May also spoke about the Paris climate talks at the briefing.

Despite the potential legal quagmire, Justin Trudeau’s new Liberal government has chosen to press ahead with both NEB reviews first started by his predecessor Stephen Harper.

In doing so, the new prime minister broke a commitment made to B.C.’s Dogwood Initiative last August that all ongoing pipeline reviews would be halted as part of a complete overhaul of the NEB, which Harper stacked with pro-fossil fuel board members.

“It applies to existing projects, existing pipelines as well,” Trudeau said in a Dogwood Initiative video posted in August. A representative asked him how he would handle Kinder Morgan’s proposed twinning of the Trans Mountain Pipeline stretching from Alberta to Burnaby in B.C.

Both the Trans Mountain and Energy East reviews as they stand are “quite illegitimate,” May said, during the press briefing.

Ideally, she said, the new Canadian government would start the process again and fix Canada’s environmental assessment laws that were gutted by Harper’s passage of omnibus bill C-38. Titled the Jobs, Growth, and Long-term Prosperity Act, the bill imposed stricter time limits on NEB reviews, as well as allowing its decisions to be reversed by the federal cabinet.

“[Trudeau’s government is] in a very difficult position, because they promised that as they're currently being reviewed, neither project could be approved, but to cancel the existing reviews, they will face lawsuits,” said May. “It’s bound to end up in sticky court proceedings one way or another.”

Trudeau’s pipeline dilemma is made even more difficult owing to international trade agreements such as the North American Free Trade Agreement and the Foreign Investment Promotion and Protection Agreement (FIPA) with China, which allow corporations to sue the federal government if they disagree with decisions arising from environmental assessments.

“Investor-state dispute resolutions… undercuts a lot of what we want to do in repairing our own laws in this new government,” said May.

May cited the Bilcon corporation case, which arose after the Delaware-based company was denied permission to expand an existing quarry in Nova Scotia by both the provincial and federal governments.

After being denied permission to expand, the corporation bypassed the Canadian court system and instead appealed to a NAFTA arbitration panel, which awarded the corporation $300 million in damages.

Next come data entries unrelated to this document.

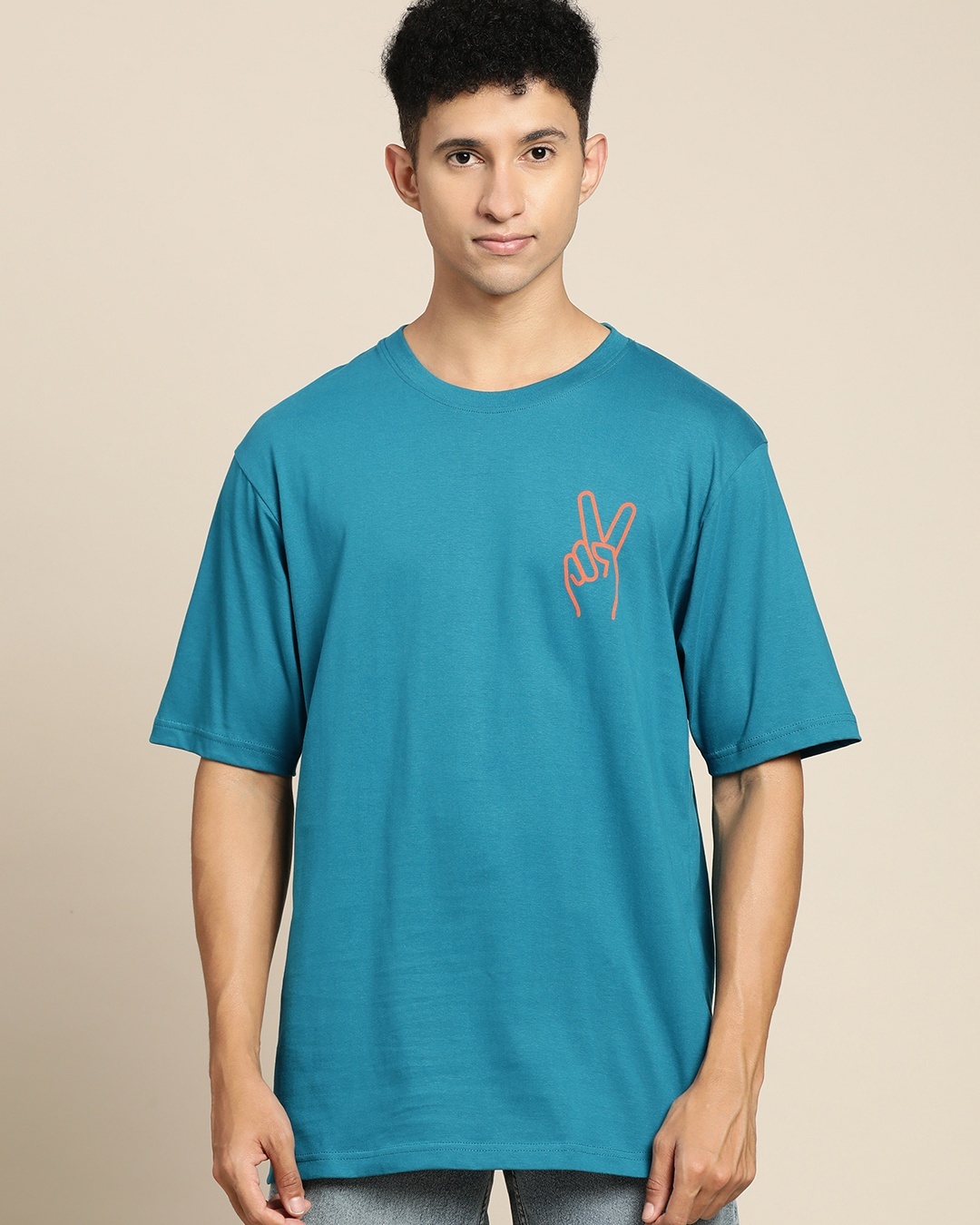 Shop Men's Blue Graphic Printed Oversized T-shirt-Back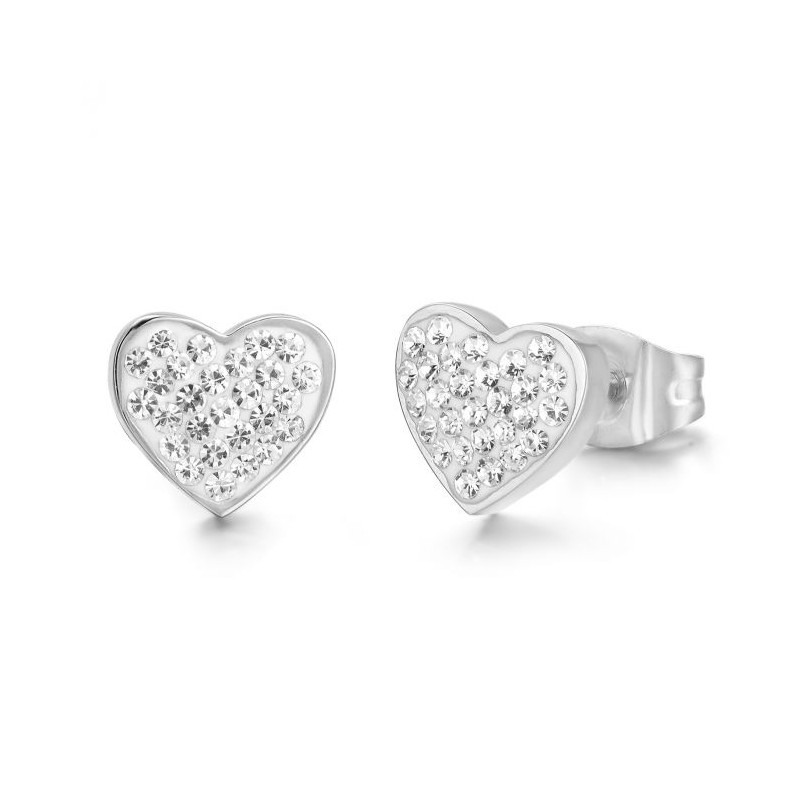 Orecchini Luca Barra OK959 In Acciaio A Cuore Con Strass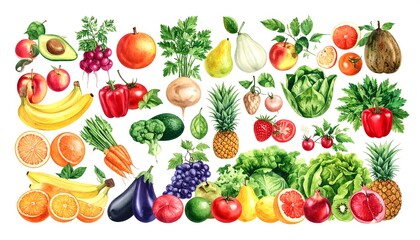 Obraz premium Watercolor fruits and vegetables, assorted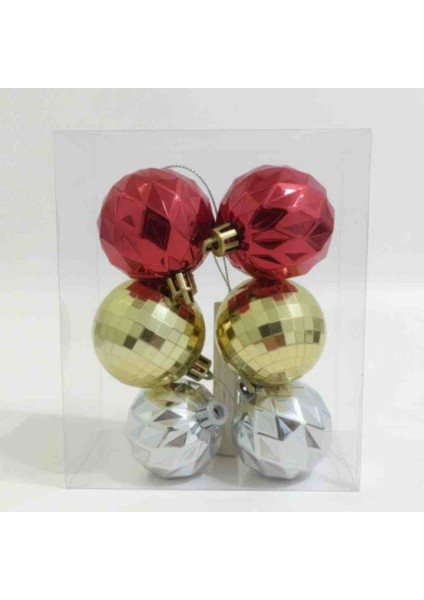 Yılbaşı Süs Topları 5 cm 6 Ad Desenli Parlak 3 Renk 2 Şer Ad Cici Reknler indirimleri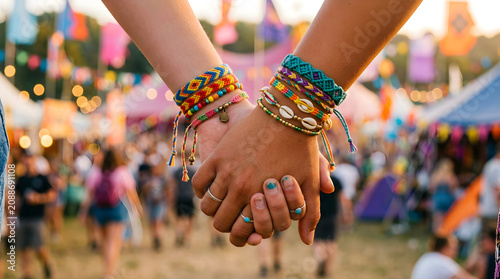 Friends holding hands with colorful friendship bracelets at music festival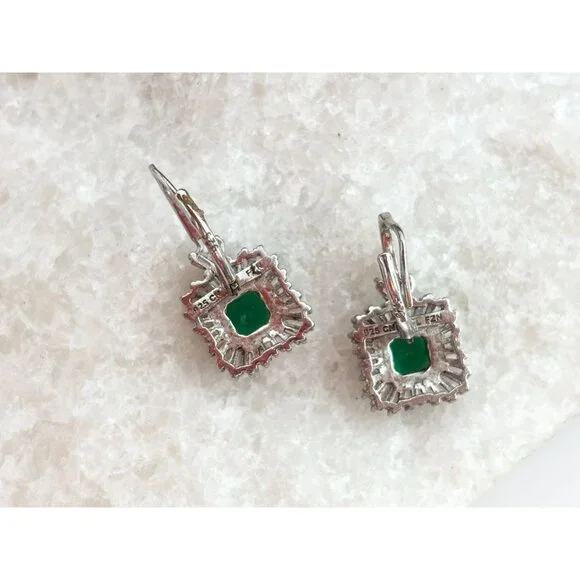 Art Deco Style Vintage Green CZ Sterling Silver Vintage Earrings - Picture 7 of 10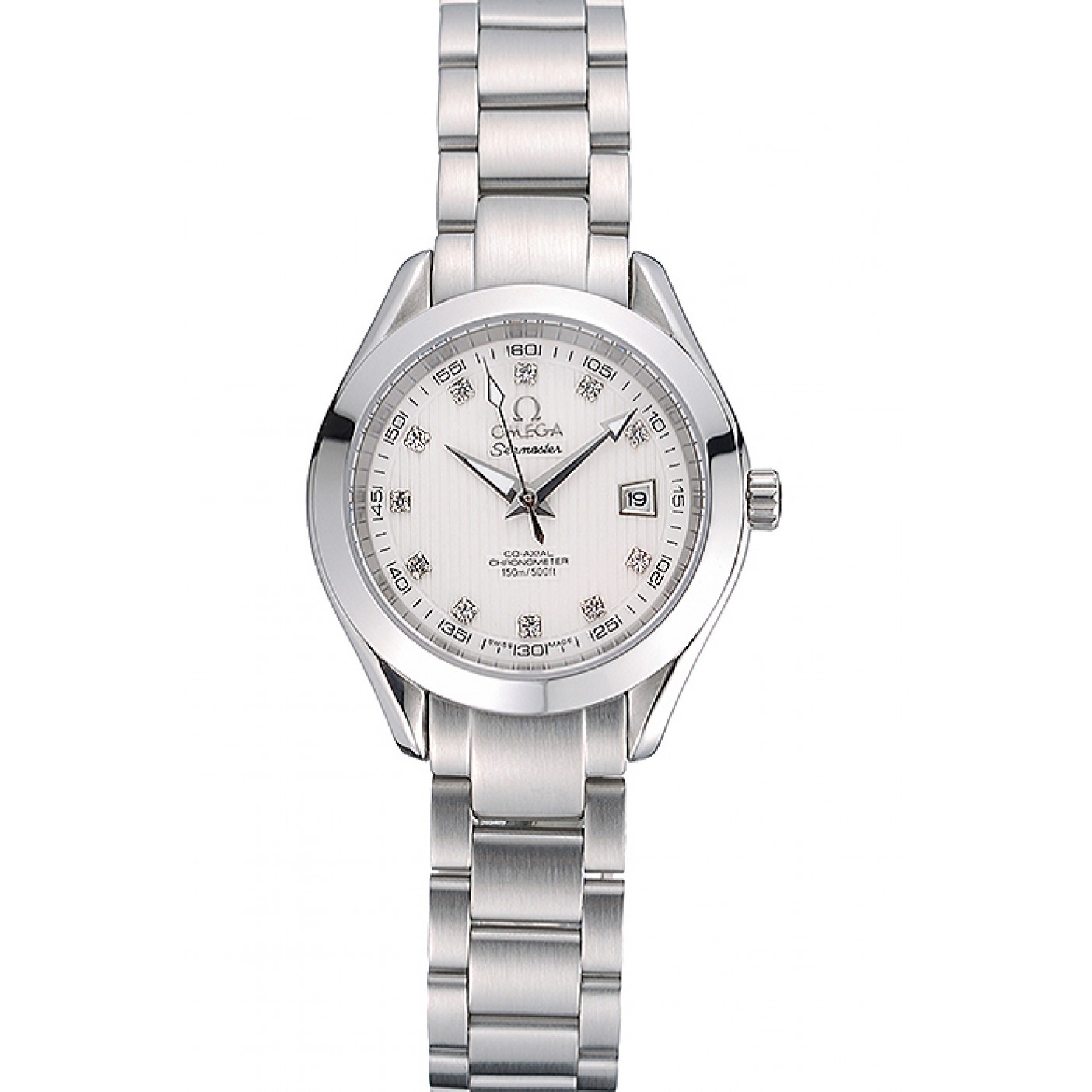 MiroTime Omega Seamaster Aqua Terra White Dial Diamond Numerals Stainless Steel Bracelet 622444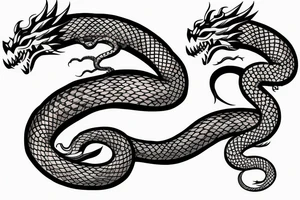 Serpent dragon around sword tattoo idea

According to May, Bilcon was able to invoke NAFTA’s Chapter 11 and opt for what she termed a “secret tribunal,” in order to win their case against Canada.

“Right now Canada is appealing that decision but it’s very dangerous and it has implications for stopping and starting Kinder Morgan,” said May.

But protocols similar to Chapter 11 exist in FIPA, signed into law by Stephen Harper last year. The agreement locks Canada into a 31-year deal with Beijing that includes professional arbitration panels managing disputes. Once again, regular courts are bypassed and the public may not know if Chinese corporations did successfully sue the Canadian government for millions of dollars.

According to NAFTA’s Chapter 11 text, tribunals are made up of three members drawn from three different nationalities: an arbiter who does not share citizenship with either disputing party, plus two more people who share the same nationality of each disputing party.

“Hopefully we can get this Bilcon case appealed successfully, but we’ve never won an appeal on a Chapter 11 decision yet,” said May.